Читаем Ellery Queen’s Mystery Magazine. Vol. 5, No. 19, November 1944 полностью

As I entered, a girl was put on trial for larceny; a common case, as that stated: yet I saw something in my first glance at her that made me forget lack of clients, cheerless office and telltale overcoat. She was about eighteen; fair and fresh-looking; with soft light hair brushed neatly over her ears; large blue eyes, the lids very much swollen by crying; and small, unmarked features. She was clad in a dark blue merino dress and a plain white collar. I felt that there was undoubtedly something wrong in the case; that decent looking young person, so neat and proper in dress, did not belong in a prisoner’s dock.

I watched her and watched the trial. The clerk read the indictment. The girl stood up and heard herself, Selina White, charged with stealing a shawl and dress, the property of one Mary Wilson. The tears rolling in streams down her cheeks, and her voice scarcely audible from emotion, she pleaded “not guilty.”

The first witness was the policeman who arrested her. His testimony amounted to nothing more than that he had found the clothes alleged to have been stolen in a carpet-bag marked with the prisoner’s name, and claimed by her. The prisoner was told by the judge, whose sympathy she had evidently enlisted, that it was proper for her to ask any questions bearing on the case, and I now perceived that she had no one to defend her, or give her special advice and aid. She availed herself of the privilege with which the judge had made her acquainted, and endeavored to draw from the officer the admission that she had shown more surprise when the stolen articles were found in her carpet-bag than any one else present, but in this she failed. He was altogether incommunicative and evasive in his answers to her.

One Mary Wilson testified to the loss of some clothes which she described; some garments were shown her which she identified.
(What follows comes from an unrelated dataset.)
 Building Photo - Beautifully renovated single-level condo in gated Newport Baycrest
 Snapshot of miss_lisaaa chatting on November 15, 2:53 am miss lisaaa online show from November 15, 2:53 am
In answer to questions she stated that they had been lying in a trunk; that she had not laid eyes on them for three months or more till she found them in the prisoner’s carpet-bag, and that one Mary Murray had suggested her looking there for them.
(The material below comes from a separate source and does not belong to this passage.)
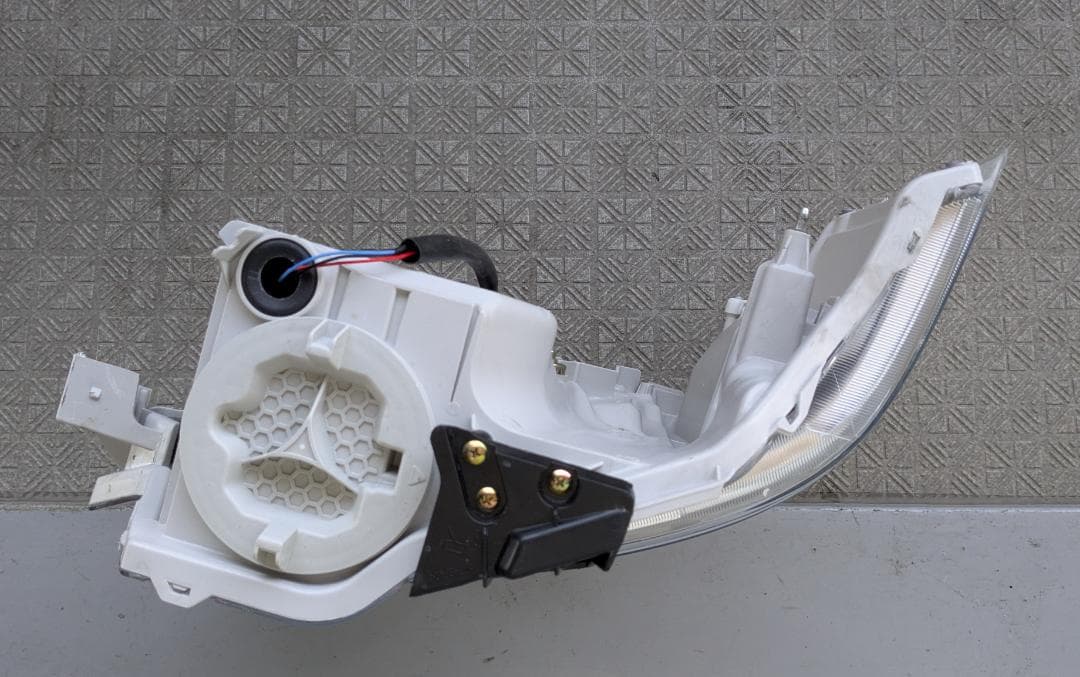 トヨタ　200系４型　ハイエース　ヘッドライト　左右　中古　社外品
Mary Murray was now called. She was a very bold girl, showy in dress and airy in manners. Her fingers were loaded with cheap rings, the most conspicuous of which was a large garnet. While the stolen garments were being shown, I had observed a young man crowd as far forward as he could get to look at them. My eyes happened to be on him when he first caught sight of the witness’s rings, and the expression which then covered his face excited my interest scarcely less than that of the prisoner had done. I approached him and inquired, “Do you know anything of this case?”
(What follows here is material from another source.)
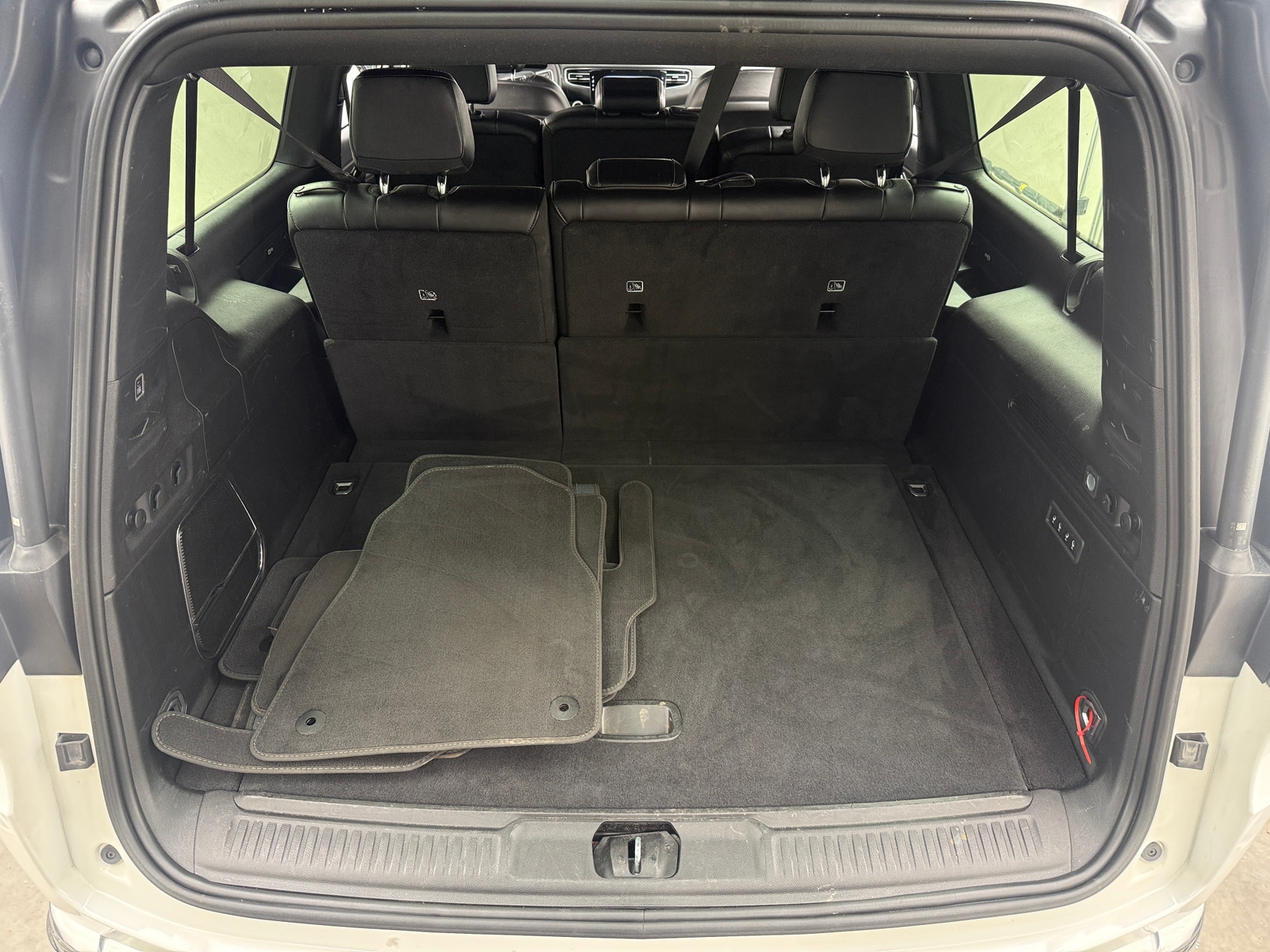 Thumbnail: 2024 Jeep Wagoneer - 6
“Not much,” he answered, coloring deeply.

“If you know anything that can be brought to bear in favor of the prisoner tell me forthwith,” I said, “for she is innocent looking and I am afraid things will go hard with her.”

“She never stole them things,” he said.

“They were found in her possession; that is strong legal proof, and I am afraid it will decide the case against her.”

“Are you her lawyer?” he asked.

“I am now going to offer to defend her; if you can tell me anything, there is not a moment to lose.”

“Well, then, some of the same fuzz and trimmings that’s on them stolen clothes is on this girl on the stand.”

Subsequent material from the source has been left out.